From the first line of the listing to the last, set down everything exactly, but skip the images.

(RAW DATA Opens)

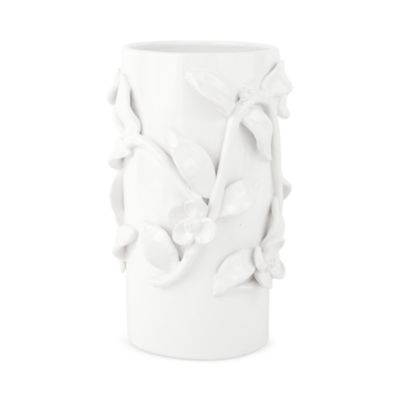 Bougainvillea Garden White Medium Cachepot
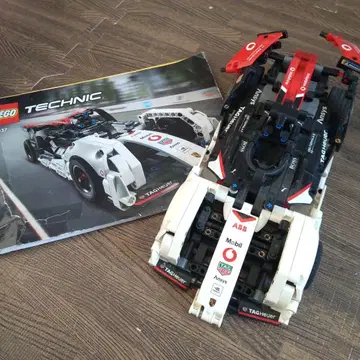 LEGO 테크닉 42137 레이싱카 정크제품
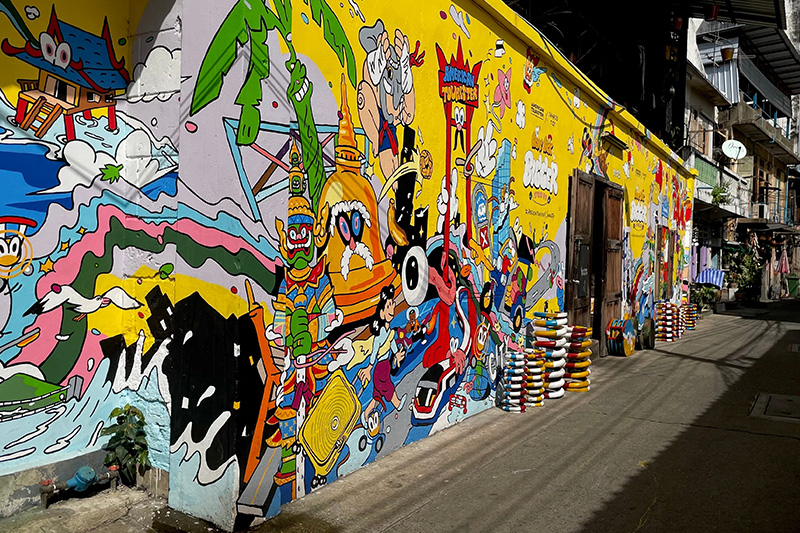 Talat Noi: An Artistic Neighborhood and Riverside Vibe You Can't Miss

(RAW DATA Closes)

**RESULT OF THIS EXERCISE:**
 Bougainvillea Garden White Medium Cachepot
 LEGO 테크닉 42137 레이싱카 정크제품
 Talat Noi: An Artistic Neighborhood and Riverside Vibe You Can't Miss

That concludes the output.